Items from a dataset:
■ ■ ■ ■

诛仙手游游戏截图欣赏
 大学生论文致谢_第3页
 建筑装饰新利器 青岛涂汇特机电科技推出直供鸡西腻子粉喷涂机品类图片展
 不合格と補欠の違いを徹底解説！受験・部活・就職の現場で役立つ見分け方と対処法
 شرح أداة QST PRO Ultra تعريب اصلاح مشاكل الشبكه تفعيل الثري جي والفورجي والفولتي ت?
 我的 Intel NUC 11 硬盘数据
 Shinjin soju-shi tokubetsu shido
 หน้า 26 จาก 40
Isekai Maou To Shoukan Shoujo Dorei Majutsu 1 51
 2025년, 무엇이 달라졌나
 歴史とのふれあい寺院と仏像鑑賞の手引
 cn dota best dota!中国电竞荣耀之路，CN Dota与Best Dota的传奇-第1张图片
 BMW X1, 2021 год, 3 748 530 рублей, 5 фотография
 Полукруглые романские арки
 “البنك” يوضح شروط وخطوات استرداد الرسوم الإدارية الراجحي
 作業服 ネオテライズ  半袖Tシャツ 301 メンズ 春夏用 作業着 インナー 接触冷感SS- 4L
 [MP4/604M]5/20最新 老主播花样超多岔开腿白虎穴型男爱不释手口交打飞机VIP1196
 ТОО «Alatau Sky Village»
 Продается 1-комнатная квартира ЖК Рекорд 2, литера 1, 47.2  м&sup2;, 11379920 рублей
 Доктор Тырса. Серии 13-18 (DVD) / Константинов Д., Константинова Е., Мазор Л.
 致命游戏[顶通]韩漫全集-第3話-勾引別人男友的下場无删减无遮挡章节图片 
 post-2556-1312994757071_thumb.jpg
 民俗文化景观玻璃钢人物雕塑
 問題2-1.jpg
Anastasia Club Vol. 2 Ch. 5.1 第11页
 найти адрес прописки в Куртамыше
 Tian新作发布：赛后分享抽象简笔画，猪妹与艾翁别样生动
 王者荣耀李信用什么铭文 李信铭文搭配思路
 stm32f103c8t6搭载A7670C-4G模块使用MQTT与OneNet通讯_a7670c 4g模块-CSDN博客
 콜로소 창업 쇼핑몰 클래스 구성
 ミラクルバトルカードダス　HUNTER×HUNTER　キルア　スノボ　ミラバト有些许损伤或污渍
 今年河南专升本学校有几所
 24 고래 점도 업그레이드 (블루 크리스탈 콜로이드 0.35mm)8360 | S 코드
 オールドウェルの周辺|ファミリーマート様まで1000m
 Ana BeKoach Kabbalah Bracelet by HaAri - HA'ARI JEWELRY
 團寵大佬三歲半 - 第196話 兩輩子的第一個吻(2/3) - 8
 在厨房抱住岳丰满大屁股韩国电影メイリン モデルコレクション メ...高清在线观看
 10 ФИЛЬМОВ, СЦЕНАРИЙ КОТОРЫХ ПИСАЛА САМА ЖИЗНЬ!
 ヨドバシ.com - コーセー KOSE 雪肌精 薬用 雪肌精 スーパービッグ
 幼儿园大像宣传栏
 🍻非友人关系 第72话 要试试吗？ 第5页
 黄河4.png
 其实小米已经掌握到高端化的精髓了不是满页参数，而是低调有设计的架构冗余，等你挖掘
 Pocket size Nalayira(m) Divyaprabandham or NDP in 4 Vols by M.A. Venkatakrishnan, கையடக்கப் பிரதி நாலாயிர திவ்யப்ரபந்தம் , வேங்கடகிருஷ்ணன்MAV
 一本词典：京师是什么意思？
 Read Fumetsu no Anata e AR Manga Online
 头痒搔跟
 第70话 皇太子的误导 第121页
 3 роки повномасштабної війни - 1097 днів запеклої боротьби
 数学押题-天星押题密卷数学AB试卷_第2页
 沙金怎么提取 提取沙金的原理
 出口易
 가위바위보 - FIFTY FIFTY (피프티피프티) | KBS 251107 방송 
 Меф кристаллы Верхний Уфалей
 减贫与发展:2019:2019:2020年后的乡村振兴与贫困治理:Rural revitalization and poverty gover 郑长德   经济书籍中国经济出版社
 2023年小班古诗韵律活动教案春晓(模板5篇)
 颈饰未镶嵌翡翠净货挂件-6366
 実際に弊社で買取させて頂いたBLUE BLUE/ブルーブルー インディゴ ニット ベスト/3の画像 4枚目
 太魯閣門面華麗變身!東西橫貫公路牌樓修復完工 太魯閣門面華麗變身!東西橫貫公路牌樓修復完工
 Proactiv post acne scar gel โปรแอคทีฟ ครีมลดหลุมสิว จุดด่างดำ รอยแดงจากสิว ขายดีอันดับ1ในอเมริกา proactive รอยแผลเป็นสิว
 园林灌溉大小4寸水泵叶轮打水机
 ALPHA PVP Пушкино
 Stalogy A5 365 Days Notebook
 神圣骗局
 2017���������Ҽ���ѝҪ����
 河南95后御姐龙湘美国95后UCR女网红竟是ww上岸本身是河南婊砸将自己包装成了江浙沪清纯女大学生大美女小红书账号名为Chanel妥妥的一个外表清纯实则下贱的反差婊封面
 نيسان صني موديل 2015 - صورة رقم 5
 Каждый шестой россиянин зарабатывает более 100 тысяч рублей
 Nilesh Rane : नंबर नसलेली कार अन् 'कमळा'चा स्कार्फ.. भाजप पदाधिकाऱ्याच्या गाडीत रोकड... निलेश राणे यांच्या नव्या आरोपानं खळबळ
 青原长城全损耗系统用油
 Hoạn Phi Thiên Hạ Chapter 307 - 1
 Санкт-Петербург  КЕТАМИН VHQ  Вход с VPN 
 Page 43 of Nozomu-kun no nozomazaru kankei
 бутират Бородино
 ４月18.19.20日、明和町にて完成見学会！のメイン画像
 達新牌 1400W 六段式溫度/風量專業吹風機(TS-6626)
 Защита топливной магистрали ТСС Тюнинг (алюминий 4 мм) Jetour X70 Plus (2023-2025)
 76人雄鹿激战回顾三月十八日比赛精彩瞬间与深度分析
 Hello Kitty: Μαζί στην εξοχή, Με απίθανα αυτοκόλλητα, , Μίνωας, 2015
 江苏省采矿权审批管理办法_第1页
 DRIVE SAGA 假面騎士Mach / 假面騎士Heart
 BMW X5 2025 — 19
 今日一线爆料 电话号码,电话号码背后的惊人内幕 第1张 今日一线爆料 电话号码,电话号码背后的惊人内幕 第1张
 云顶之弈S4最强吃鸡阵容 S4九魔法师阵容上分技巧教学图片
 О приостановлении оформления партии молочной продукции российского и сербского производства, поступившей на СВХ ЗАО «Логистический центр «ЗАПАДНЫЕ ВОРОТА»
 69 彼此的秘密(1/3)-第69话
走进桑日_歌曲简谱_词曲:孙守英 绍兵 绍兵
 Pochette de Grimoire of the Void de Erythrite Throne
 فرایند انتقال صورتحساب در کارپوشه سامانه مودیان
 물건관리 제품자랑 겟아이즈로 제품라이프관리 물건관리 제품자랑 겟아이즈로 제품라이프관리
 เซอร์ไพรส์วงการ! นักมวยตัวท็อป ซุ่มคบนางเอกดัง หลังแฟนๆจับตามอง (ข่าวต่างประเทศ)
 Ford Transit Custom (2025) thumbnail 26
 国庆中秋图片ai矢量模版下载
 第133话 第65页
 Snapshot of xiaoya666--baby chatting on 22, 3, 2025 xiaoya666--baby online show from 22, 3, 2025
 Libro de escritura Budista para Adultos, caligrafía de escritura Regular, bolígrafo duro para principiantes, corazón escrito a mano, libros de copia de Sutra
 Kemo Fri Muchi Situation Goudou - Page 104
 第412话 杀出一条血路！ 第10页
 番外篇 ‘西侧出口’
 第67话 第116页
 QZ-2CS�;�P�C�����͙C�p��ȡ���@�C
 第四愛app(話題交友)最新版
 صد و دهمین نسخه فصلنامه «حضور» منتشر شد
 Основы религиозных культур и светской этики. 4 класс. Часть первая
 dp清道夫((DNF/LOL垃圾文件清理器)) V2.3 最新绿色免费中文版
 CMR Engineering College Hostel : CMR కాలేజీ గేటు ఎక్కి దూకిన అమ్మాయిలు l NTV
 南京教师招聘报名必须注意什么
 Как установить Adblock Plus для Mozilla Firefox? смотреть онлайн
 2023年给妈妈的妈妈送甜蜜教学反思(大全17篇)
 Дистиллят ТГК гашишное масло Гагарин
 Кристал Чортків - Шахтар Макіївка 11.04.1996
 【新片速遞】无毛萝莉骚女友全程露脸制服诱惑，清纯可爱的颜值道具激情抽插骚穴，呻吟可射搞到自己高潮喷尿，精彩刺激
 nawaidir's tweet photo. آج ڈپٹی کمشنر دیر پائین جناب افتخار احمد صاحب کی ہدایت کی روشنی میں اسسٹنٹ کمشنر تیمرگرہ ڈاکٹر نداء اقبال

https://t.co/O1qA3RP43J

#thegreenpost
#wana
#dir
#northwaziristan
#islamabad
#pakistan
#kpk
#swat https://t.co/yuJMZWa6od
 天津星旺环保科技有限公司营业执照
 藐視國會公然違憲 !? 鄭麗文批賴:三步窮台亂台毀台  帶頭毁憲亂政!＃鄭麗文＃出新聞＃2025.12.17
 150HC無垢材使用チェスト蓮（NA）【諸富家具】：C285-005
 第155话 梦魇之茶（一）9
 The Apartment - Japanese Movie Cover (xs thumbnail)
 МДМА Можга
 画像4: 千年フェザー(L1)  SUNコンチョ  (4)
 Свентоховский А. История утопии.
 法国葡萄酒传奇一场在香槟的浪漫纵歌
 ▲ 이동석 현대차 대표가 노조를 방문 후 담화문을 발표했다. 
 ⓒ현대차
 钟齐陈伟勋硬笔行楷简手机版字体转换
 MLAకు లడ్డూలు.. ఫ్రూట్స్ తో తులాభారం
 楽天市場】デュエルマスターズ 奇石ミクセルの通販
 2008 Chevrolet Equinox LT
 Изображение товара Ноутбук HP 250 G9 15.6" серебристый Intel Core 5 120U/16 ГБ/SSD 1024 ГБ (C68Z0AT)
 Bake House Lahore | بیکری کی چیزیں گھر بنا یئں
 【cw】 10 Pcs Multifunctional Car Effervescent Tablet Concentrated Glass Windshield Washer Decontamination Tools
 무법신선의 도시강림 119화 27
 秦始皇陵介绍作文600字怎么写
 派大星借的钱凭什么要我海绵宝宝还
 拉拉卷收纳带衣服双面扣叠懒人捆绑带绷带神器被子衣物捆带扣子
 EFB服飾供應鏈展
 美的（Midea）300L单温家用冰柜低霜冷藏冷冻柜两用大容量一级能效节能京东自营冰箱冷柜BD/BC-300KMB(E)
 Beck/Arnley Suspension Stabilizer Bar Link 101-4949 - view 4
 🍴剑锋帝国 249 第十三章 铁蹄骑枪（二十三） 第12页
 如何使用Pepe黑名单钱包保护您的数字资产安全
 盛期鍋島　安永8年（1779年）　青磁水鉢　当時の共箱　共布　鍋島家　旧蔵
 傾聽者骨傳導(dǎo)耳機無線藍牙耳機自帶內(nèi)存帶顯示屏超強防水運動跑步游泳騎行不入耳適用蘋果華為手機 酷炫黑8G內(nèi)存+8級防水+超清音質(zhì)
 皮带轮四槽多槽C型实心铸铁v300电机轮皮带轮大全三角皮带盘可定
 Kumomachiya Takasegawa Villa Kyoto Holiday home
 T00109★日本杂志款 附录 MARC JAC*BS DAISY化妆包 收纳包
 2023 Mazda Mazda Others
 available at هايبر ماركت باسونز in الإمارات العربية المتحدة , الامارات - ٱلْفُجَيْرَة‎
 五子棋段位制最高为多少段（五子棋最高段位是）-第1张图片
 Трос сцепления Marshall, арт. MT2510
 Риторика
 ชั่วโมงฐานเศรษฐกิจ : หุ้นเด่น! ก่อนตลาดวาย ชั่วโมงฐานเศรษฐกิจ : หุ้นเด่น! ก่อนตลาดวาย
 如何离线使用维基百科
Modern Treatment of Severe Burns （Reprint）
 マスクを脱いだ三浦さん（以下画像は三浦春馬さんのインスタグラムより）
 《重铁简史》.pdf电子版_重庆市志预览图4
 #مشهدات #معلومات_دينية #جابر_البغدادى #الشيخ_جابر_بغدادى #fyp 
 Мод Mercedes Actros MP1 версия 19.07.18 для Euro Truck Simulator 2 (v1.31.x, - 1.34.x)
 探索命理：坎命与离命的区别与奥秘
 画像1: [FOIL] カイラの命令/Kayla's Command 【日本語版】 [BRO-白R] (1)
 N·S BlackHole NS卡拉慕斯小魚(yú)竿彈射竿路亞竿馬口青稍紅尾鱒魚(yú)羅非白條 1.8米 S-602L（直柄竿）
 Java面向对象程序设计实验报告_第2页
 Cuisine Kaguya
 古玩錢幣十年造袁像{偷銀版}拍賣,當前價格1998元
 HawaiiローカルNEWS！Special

■ ■ ■ ■

| WORK ITEM |
If a line in the records above includes the string "Plus", copy it.

| ANSWER SECTION |
 Защита топливной магистрали ТСС Тюнинг (алюминий 4 мм) Jetour X70 Plus (2023-2025)
 Как установить Adblock Plus для Mozilla Firefox? смотреть онлайн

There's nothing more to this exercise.